La révolution va entrainer la disparition de l’abbaye de Noyers.

Plusieurs décrets vont y concourir, d’abord le décret du 2 novembre 1789 qui déclara que les biens du clergé seraient désormais « biens nationaux » mis à la disposition de la Nation, puis en décembre de la même année, décret mettant en vente ces biens.

Saisine de l’abbaye

Des lettres patentes du 26 mars 1790 intimaient l’ordre aux municipalités de se transporter dans toutes les maisons des religieux de leur territoire pour en faire l’inventaire.

Après avoir réglé quelques difficultés de représentativité, le 25 mai 1790, la municipalité de Noyers, se transporta à l’abbaye où elle fut reçue par dom Aubry, prieur.

Après lectures des lettres patentes les représentants de la municipalité dressèrent l’inventaire de tout ce qu’ils trouvèrent à l’exception de la bibliothèque qu’ils jugèrent peu importante et mal rangée.

acte original de la saisine conservé aux archives de Sainte-Maure
original de l'acte d'expertise.
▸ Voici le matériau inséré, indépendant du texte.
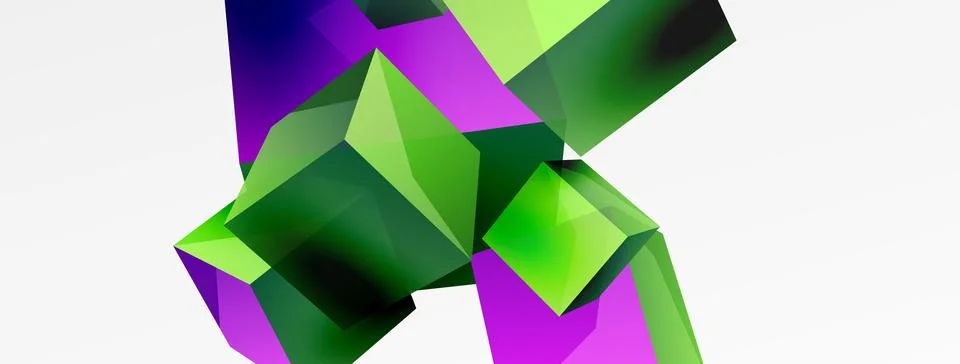 3d vector abstract background. Flying cubes composition. Trendy techno business Stock Illustration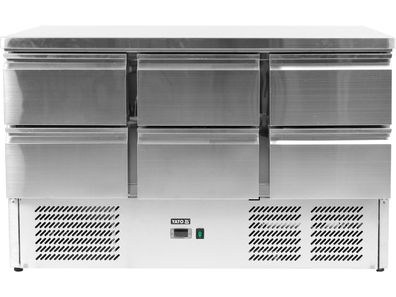 Kühltisch mit 6 Schubladen, 240W, 368L, 1365 x 700 x 880 mm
Conservé aux Archives départementales. Référence :1Q661Q66

État des biens nationaux et expertise.

Quelque mois après, le 1er octobre 1790, la municipalité dressa l’état des biens nationaux sur la commune de Noyers et deux experts furent nommés pour évaluer les biens de l’abbaye :
– Jacques Louis Marie Gautier, juré expert,
– Le François  Mitran de la Morinière, marchand fermier.

Ils rédigèrent leur rapport le 20 janvier 1791.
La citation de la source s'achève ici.